りてん堂

りてん堂コラムcolumn

りてん堂の印刷機「チャンドラー」

りてん堂の活版印刷機チャンドラー。この機械を譲り受けたのが2012年の4月16日です。この頃は本当にちゃんと動くか分からない状態で、運搬して、電気工事してようやく動いてくれました。今考えると“よくやったなぁ…”と思ってしまいます。
さて、この印刷機、かなり古いモノで戦後間もないころのものだと聞いていますが詳細はわかりません。作られたのは中馬鐵工所。当時は活版印刷機のトップメーカーの一つでした。モデルはアメリカの「Chandler and Price」社で製造されていたものと同タイプです。なぜ中馬鐵工所がこのタイプの印刷機を作ったのか、どれほど生産されていたのかは資料が見つからず分かっていません。日本製のチャンドラーが動いているのはもしかしたらうちだけ?……と思ってしまうほどレアな印刷機かもしれません。ぜひ一度会いに来てください。
紙は手差しで、印圧の調整も難しいので、なかなかうまくいかないこともありますが、こんな未熟な自分によく付き合ってくれている、温かいおじいさんのような存在です。
これからも一緒に印刷を続けてほしいと切に願っています。

通りに面している大きな窓からも見える「チャンドラー」。りてん堂の看板“機”です。

日本絵画の間

日本絵画に関しては、安土桃山~江戸時代のものを好んでよく観にいきます。貴族だけのものであった文化が、武士から町人、庶民へと広がり、いろんな人の感性が入り交じり表現が豊かになっていった時代です。
このころの絵画には、日本独特の構図の美しさがあります。絵師が一つの物を表現するときに、様々なモチーフを一度自分の世界に落とし込み、限られた空間の中に再構成していく、そうして描かれた絵は、普段目にする自然の風景でさえも、一つの物語のように表現されています。
その構成の中で最も重要なところは、メインで描かれている大きく曲がりくねった川の流れや、画面いっぱいにはり出した樹木の枝のしなりなどとは対称的につくられた、何も描かれていない部分です。この「間」があるからこそ、メインのモチーフが強調され、また、見る人が「間」感じとることで、その絵の中にあるストーリーを読み取ることができるのです。


日本人にとって「間」とは、コミュニケーションをとる上でとても重要な部分です。人に何かを伝えるとき、表現する部分と「間」を読み取ることで本質を伝えることができるのではないかと思います。
この時代によく描かれていた襖絵や屏風絵は、空間を仕切る壁であるとともに、その部屋の世界を作り出すという役割も担っていいました。ある部屋は静寂であったり、またある部屋は家の主の威厳であったのではないかと思うのです。そういった空間を創りだすには、その何も描かれていない空気の部分がとても重要な役割を果たしていたのではないかと思います。

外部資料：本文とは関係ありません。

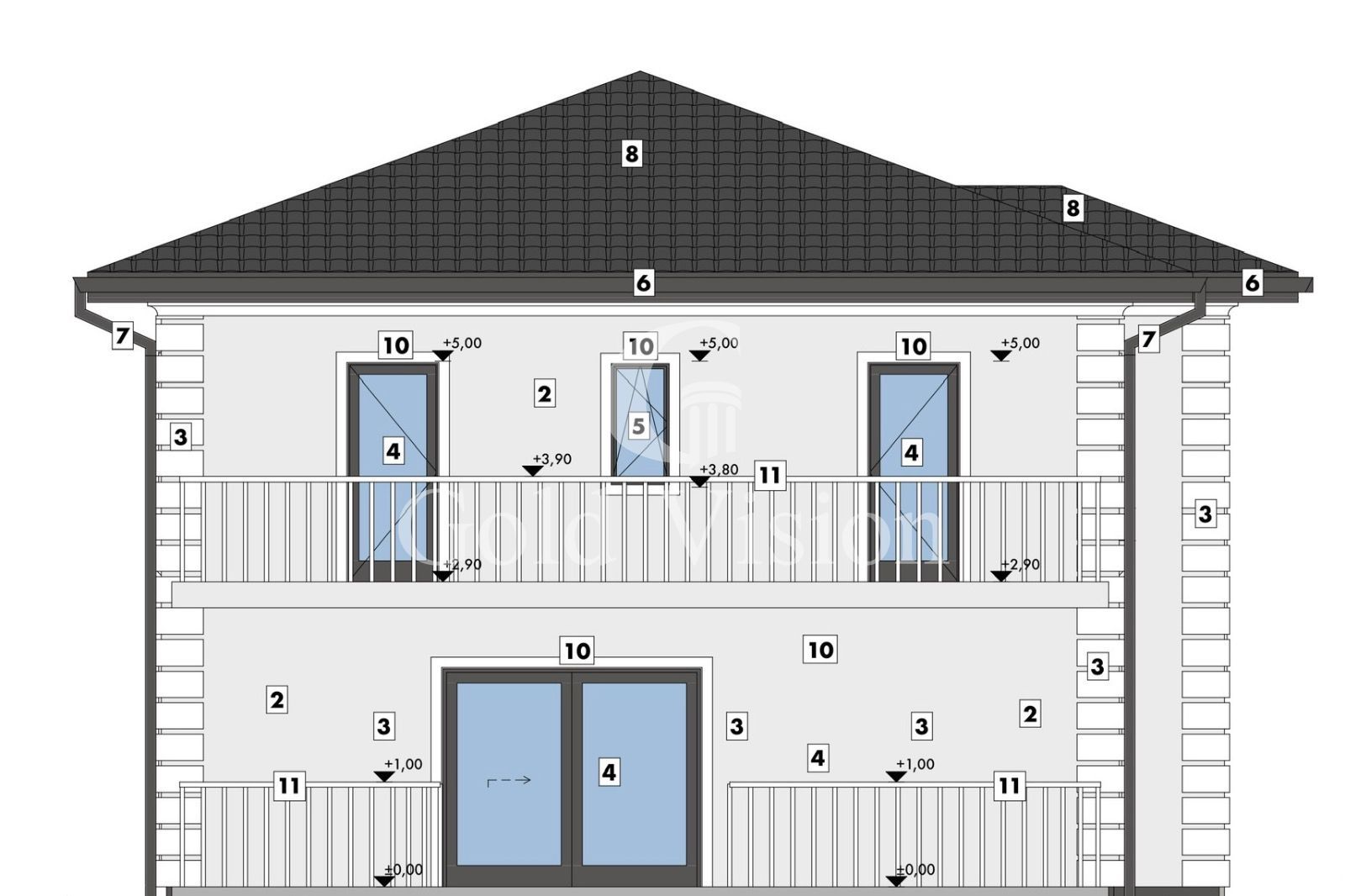 Casa noua cu 5 camere si teren de 740 mp in Livezeni - Poză 2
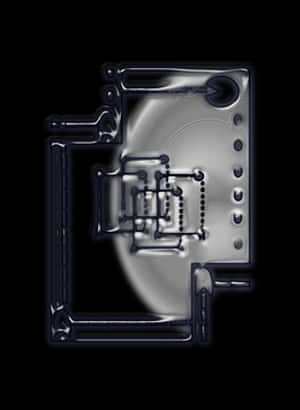 Abstract Technology Wallpaper PNG image with transparent background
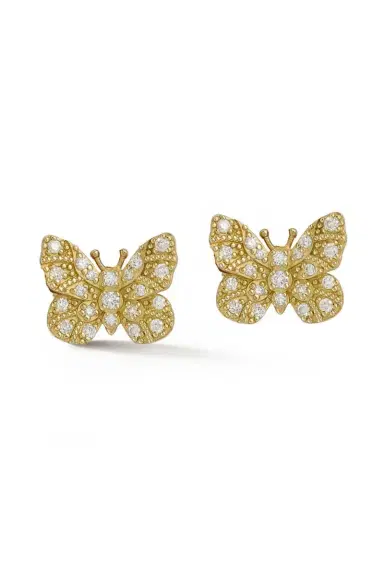 TANYA FARAH Diamond Butterfly Stud earrings | Thumbnail 1 TANYA FARAH Diamond Butterfly Stud earrings | Thumbnail 1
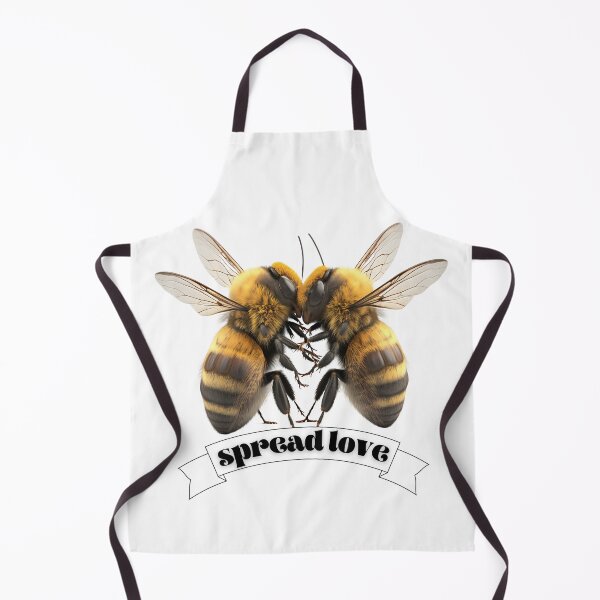 Item preview, Bee spreading love, bees, love, positive vibes, digital art, unisex, t shirt love designed and sold by picsartstudio.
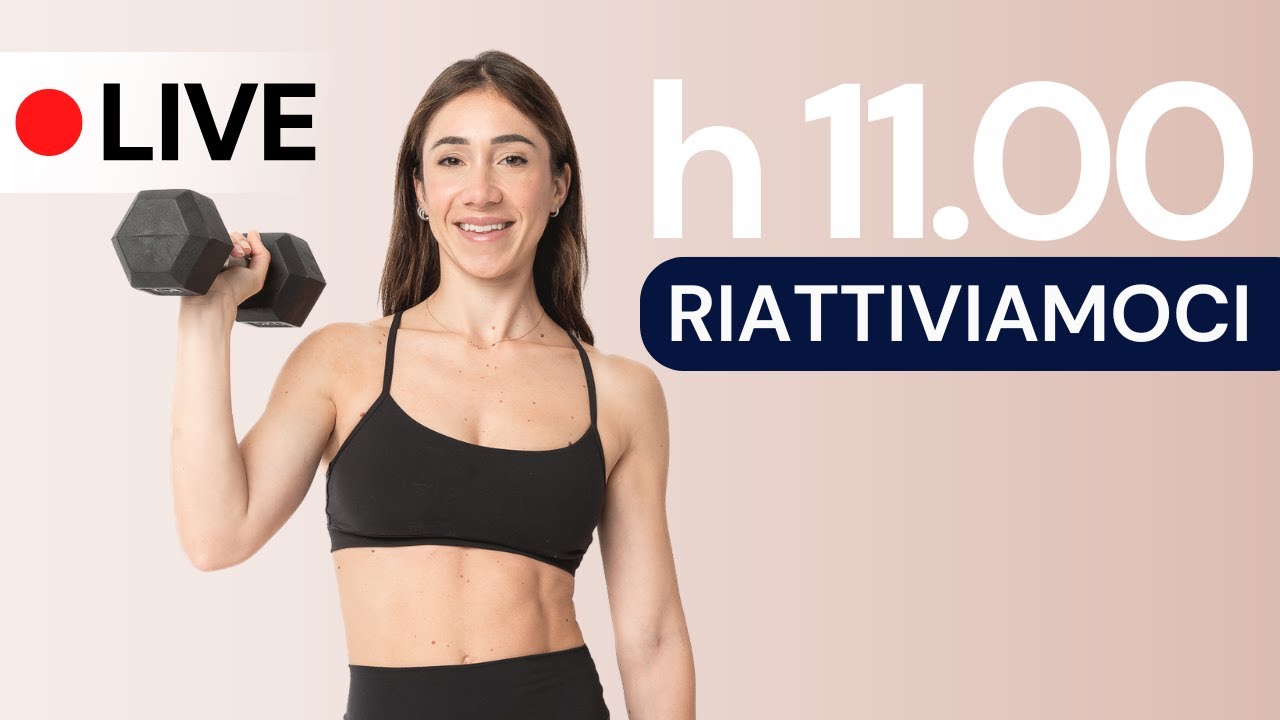 LIVE CFP WORKOUT 28 DICEMBRE - Riattiviamoci insieme con questo allenamento post feste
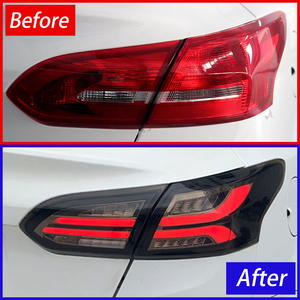 Ensemble de feux arrière pour <span class=keywords><strong>Ford</strong></span> <span class=keywords><strong>Focus</strong></span> 2015-<span class=keywords><strong>2018</strong></span> LED Auto Rear Back Lamps Upgrade Highlight Brake Lights Tool Car Accessories - Product Image 3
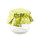 Marmeladendeckchen Ø 14,8 cm grün mit Blättermotiv - Gläserdeckchen für Einmachgläser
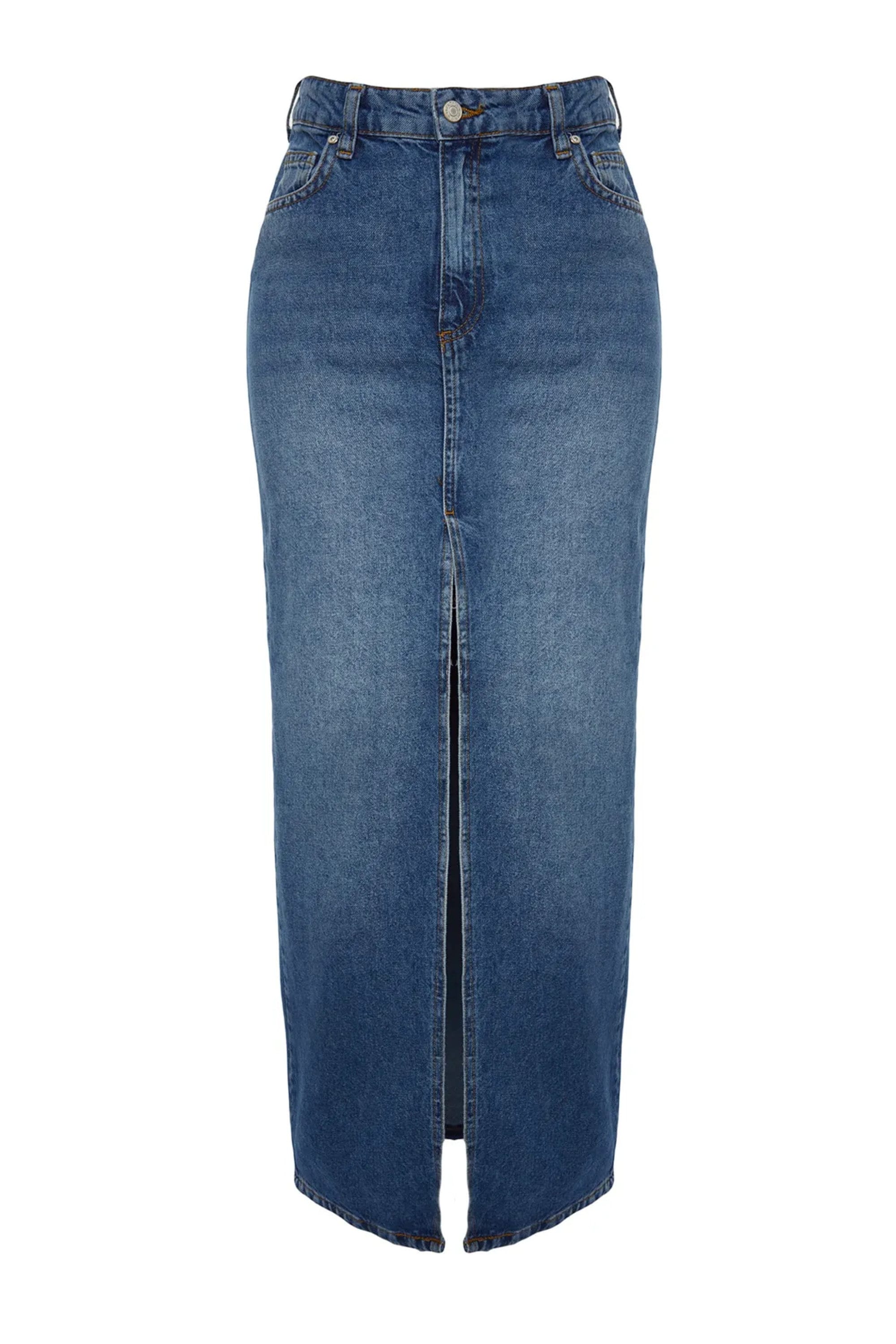 スカート musinsastandardwoman Women's Front Slit Denim Long Skirt Was MUSINSA | MUSINSA STANDARD WOMAN Women's Front Slit Denim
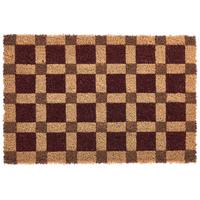 FUSSMATTE Beige/Braun 40/60 cm Kokosfasern Villasis - Beige, Textil (40/60cm) - Beliani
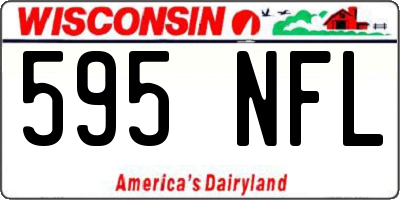 WI license plate 595NFL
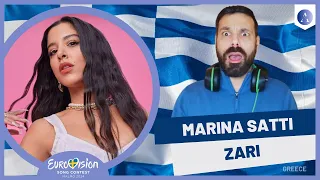 GREECE 🇬🇷 EUROVISION 2024 | Marina Satti - "Zari" | REACTION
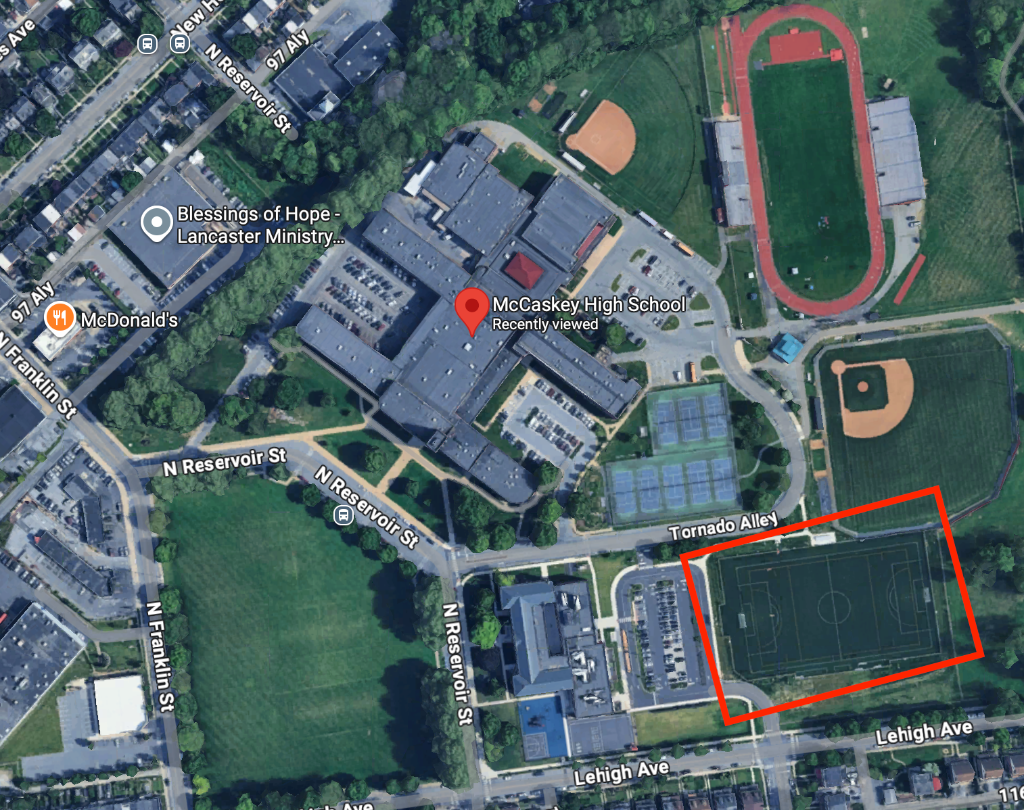 Parking area map
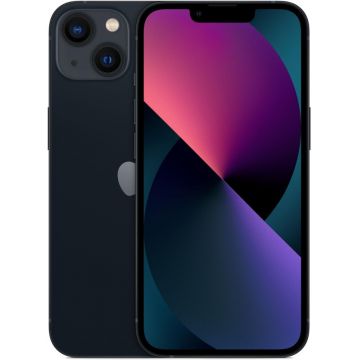 Smartphone Apple iPhone 13, 128GB, 5G, Midnight Smartphone Apple iPhone 13, 128GB, 5G, Midnight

2013年 特別展覧会『狩野山楽・山雪』京都国立博物館

白ヲ読ム、

白ヲ読ム、(しろをよむてん)
─活字を読む、眺める、感じる─


活版印刷を知ってる人もそうでない人も
文字が好きな人
本が好きな人
紙モノ雑貨が好きな人
タイポグラフィーに興味のある人
などなど
活版印刷の新しい可能性を追求しつつより多くの方に読み、眺めて、感じていただけるような展示を行いました。


2016年4月5日(火)~10日(日)
12時~19時(最終日は17時まで)
ギャラリーh2O

明ヲ読ム、

明ヲ読ム、(あかりをよむてん)


今回は「明かり」をテーマに前回とは違ったコンセプトで展示。
活版印刷を使って作り出せる作品の可能性を探るため、様々なモチーフの作品を作ってみました。
いくつもの紙を重ね合わせて作った大判の作品や行燈、来場者の皆さんでつくる「言葉の星座」など、バラエティ豊かな作品を作りました。


2017年5月9日(火)~14日(日)
12時~19時(最終日は17時まで)
ギャラリーh2O

活版印刷の年賀状

2012年の年賀状。

この年賀状がきっかけで、りてん堂ができました。

私が構成・デザインを考え、妻に詩を書いてもらい、
文選・組版は山田信雄さん、印刷は加藤博さん。(お二人とも加藤第一印刷〈当時〉)
私の中では、それぞれのパーツがカチッと音を立てて組み合わさった感じがしました。何か特別に優れているとかそういうのではなく、ハガキの紙面にキレイにおさまった心地よさを感じる作品です。

これができた時は、半年も経たないうちに会社を辞め、独立するなんて考えもしていませんでした。しかし、この年賀状がその年の出来事を象徴しているようで、とても不思議な気持ちにもなります。